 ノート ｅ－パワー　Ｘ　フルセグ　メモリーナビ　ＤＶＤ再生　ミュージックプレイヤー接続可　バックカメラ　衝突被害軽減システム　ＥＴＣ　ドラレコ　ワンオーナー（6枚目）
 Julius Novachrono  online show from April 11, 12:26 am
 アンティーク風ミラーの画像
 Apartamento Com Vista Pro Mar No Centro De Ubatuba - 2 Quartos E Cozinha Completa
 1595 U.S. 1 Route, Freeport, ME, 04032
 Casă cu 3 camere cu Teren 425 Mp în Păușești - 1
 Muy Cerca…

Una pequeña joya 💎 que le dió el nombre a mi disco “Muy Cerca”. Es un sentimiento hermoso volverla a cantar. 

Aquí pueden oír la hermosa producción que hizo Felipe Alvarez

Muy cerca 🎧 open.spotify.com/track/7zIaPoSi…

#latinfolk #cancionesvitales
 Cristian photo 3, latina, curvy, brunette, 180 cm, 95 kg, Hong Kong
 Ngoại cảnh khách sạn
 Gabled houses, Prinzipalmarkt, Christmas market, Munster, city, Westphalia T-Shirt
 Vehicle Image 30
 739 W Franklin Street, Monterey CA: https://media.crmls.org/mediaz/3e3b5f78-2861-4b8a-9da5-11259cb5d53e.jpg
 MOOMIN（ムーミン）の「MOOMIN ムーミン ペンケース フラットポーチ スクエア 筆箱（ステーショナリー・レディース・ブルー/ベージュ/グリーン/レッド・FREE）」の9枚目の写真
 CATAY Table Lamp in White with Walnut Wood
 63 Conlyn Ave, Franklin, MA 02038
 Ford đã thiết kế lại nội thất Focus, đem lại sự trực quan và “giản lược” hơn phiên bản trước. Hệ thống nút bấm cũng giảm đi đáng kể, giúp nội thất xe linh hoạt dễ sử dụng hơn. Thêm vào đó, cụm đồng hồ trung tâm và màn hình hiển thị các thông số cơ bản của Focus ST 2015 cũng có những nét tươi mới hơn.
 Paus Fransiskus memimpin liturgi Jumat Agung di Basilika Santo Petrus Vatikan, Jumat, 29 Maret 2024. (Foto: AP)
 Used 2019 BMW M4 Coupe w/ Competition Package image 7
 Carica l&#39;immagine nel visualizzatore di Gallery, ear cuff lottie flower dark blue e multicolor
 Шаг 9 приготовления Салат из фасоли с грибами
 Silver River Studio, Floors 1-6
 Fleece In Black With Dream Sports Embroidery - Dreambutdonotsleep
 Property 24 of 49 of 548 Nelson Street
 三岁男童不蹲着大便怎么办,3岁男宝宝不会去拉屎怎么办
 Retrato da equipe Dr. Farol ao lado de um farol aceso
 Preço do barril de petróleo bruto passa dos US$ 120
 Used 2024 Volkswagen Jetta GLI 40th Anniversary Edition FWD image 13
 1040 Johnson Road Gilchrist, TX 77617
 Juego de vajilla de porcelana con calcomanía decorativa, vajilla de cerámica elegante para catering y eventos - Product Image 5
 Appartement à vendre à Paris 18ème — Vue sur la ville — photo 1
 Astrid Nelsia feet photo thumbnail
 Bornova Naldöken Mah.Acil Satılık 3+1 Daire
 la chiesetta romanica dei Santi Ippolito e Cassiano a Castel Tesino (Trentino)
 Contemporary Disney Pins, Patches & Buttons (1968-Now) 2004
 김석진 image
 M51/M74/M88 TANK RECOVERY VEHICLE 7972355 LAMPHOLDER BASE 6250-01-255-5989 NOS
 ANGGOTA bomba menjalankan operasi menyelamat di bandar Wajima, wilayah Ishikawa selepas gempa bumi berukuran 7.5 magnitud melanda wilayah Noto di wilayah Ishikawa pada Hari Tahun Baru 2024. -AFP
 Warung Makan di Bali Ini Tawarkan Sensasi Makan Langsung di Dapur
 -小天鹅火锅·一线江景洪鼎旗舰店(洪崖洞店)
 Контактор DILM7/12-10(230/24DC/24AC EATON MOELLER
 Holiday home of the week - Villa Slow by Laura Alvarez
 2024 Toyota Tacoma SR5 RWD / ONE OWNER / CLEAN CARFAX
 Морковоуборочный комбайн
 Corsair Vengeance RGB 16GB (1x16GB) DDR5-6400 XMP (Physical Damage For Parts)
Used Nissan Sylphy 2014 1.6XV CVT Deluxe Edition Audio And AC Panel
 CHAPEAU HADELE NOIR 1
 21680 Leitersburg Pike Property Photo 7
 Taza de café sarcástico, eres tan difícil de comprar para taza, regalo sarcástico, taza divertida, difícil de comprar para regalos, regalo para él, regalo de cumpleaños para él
============
YOUR GOAL
Copy out precisely the lines from the line with "Appartement à vendre" to the line with "Морковоуборочный комбайн" in the material above, including those two lines and omitting all the rest.

EXERCISE RESULT
 Appartement à vendre à Paris 18ème — Vue sur la ville — photo 1
 Astrid Nelsia feet photo thumbnail
 Bornova Naldöken Mah.Acil Satılık 3+1 Daire
 la chiesetta romanica dei Santi Ippolito e Cassiano a Castel Tesino (Trentino)
 Contemporary Disney Pins, Patches & Buttons (1968-Now) 2004
 김석진 image
 M51/M74/M88 TANK RECOVERY VEHICLE 7972355 LAMPHOLDER BASE 6250-01-255-5989 NOS
 ANGGOTA bomba menjalankan operasi menyelamat di bandar Wajima, wilayah Ishikawa selepas gempa bumi berukuran 7.5 magnitud melanda wilayah Noto di wilayah Ishikawa pada Hari Tahun Baru 2024. -AFP
 Warung Makan di Bali Ini Tawarkan Sensasi Makan Langsung di Dapur
 -小天鹅火锅·一线江景洪鼎旗舰店(洪崖洞店)
 Контактор DILM7/12-10(230/24DC/24AC EATON MOELLER
 Holiday home of the week - Villa Slow by Laura Alvarez
 2024 Toyota Tacoma SR5 RWD / ONE OWNER / CLEAN CARFAX
 Морковоуборочный комбайн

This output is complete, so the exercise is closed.